** Opening Data shown block **
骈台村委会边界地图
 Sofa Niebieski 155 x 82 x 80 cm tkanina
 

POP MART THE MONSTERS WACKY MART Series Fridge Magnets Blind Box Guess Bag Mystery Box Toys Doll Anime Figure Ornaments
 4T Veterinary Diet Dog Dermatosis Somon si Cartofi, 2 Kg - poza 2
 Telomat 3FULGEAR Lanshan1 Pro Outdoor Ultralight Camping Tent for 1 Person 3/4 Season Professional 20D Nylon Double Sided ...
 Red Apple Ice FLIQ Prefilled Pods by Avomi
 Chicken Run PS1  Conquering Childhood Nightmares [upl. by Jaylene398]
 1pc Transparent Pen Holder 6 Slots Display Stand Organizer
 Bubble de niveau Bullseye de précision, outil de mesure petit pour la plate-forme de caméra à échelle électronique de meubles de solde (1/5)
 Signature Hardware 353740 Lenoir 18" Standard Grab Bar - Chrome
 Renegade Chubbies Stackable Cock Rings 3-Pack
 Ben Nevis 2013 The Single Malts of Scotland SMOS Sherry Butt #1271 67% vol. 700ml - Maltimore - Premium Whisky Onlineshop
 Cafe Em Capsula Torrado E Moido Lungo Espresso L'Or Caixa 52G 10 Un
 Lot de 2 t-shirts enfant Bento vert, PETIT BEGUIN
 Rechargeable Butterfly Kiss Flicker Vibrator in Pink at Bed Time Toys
** Closing Data shown block **
=== Task objective ===
All that is needed is the line containing "Signature Hardware 353740" and each line after it to the end of the data above, set down exactly.

=== Response for this exercise ===
 Signature Hardware 353740 Lenoir 18" Standard Grab Bar - Chrome
 Renegade Chubbies Stackable Cock Rings 3-Pack
 Ben Nevis 2013 The Single Malts of Scotland SMOS Sherry Butt #1271 67% vol. 700ml - Maltimore - Premium Whisky Onlineshop
 Cafe Em Capsula Torrado E Moido Lungo Espresso L'Or Caixa 52G 10 Un
 Lot de 2 t-shirts enfant Bento vert, PETIT BEGUIN
 Rechargeable Butterfly Kiss Flicker Vibrator in Pink at Bed Time Toys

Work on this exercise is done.